• [Work to be completed] With the pictures omitted, write out all of the listing exactly.

┌─ Source material

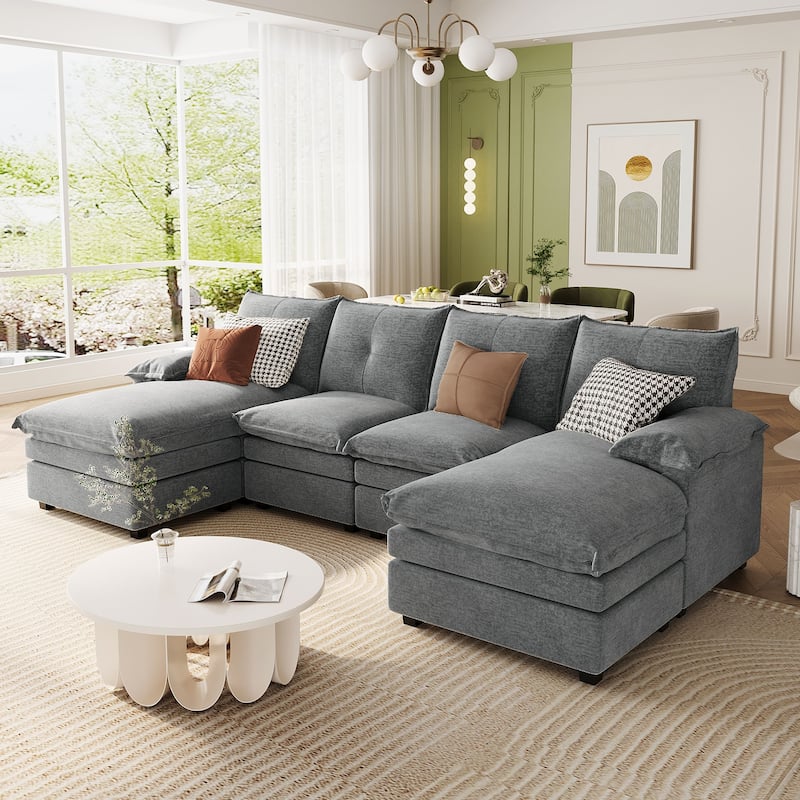 U-Shaped Chenille Sectional - Adjustable Armrest Pillows, Spacious Design for Living Rooms & Offices - Grey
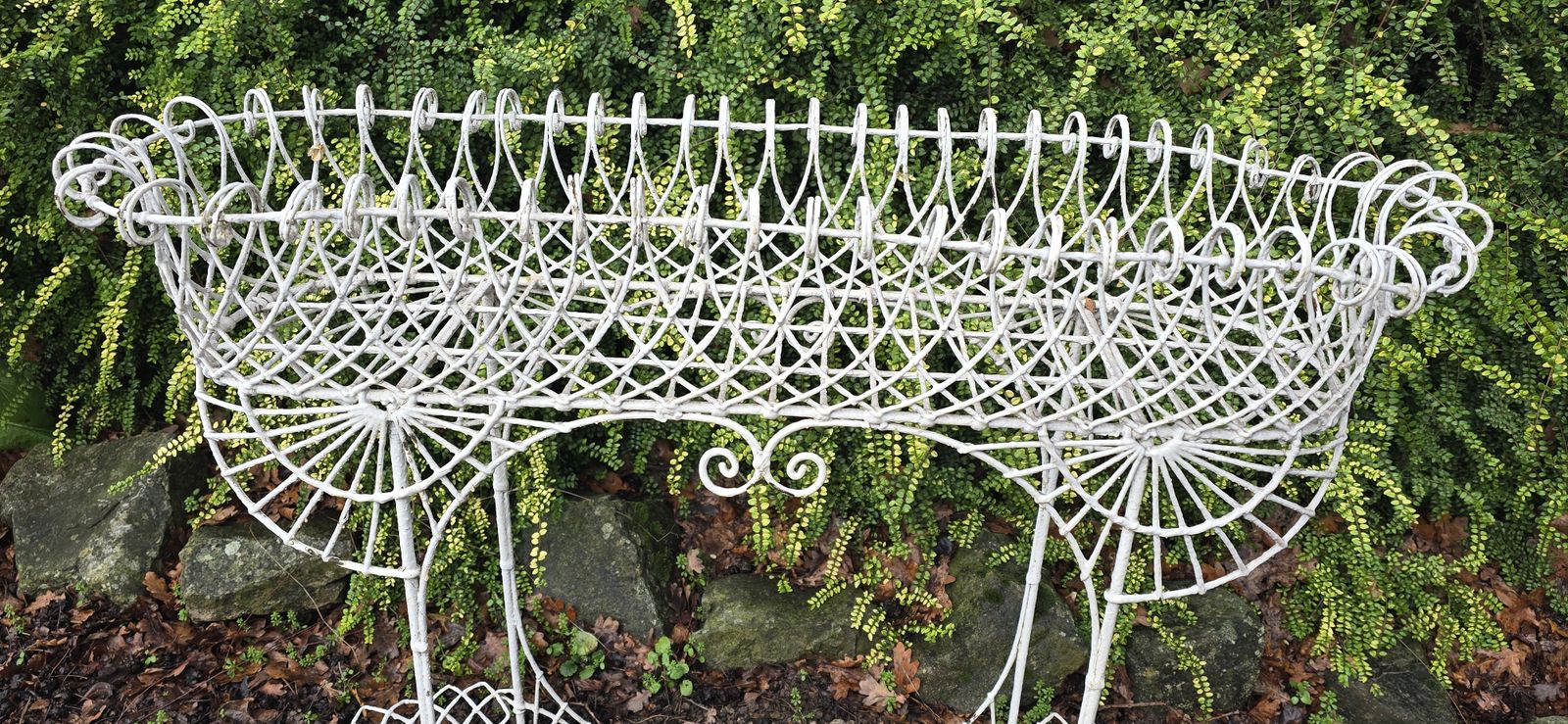Large Antique Wire Garden Planter photo Garden Decor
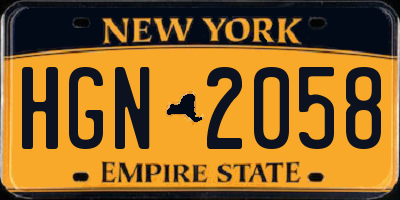 NY license plate HGN2058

└─

• [Written reply]
 U-Shaped Chenille Sectional - Adjustable Armrest Pillows, Spacious Design for Living Rooms & Offices - Grey
Large Antique Wire Garden Planter photo Garden Decor
 NY license plate HGN2058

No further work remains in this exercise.